PhD - Leuven | More than two weeks ago
The exponential growth in hybrid simulation approaches involving scientific computing and AI demands ever-increasing computational performance, scalability, and energy efficiency. Modern frameworks like NVIDIA PhysicsNemo and JAX-CFD are pushing the boundaries of what is possible in large-scale simulation and AI-accelerated modelling by providing a unified framework. However, scientific simulations and machine learning workloads are very different in nature: e.g, bottlenecked by different parts of system architecture, precision requirements are different, thus, demands heterogeneous system design to achieve optimal system performance or utilization.
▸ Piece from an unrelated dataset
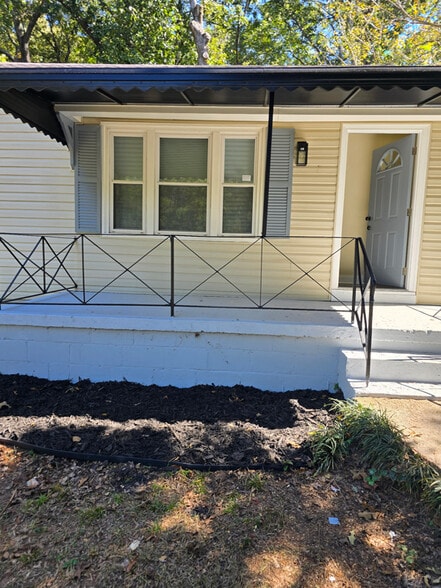 Building Photo - 1650 Terry Mill Rd SE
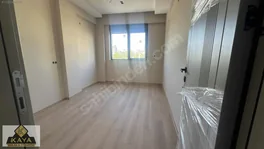 Site kalitesinde giyinme odalı ebeveyn banyolu geniş 2+1 — fotoğraf 23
This PhD thesis will investigate the interplay between HPC/AI workloads and system architecture, with a focus on identifying, modeling, and overcoming performance bottlenecks. The research will leverage open-source and commercial frameworks (e.g., PhysicsNemo, JAX-CFD) to establish representative workloads, use architectural simulators and analytical modeling to quantify the impact of hardware and software choices.
1. Exploration of HPC/AI Workloads
2. Hardware Performance Analysis and Bottleneck Identification
3. Modeling Impact of Software and Hardware Choices
4. Proposal of Novel HW/SW Co-Designs
Required background: Computer engineering, Computer science, Electrical Engineering
Type of work: 30% system evaluation and benchmarking, 30% software development and modeling, 30% architecture design, 10% literature review
Supervisor: Roel Wuyts
Daily advisor: Udari De Alwis
The reference code for this position is 2026-103. Mention this reference code on your application form.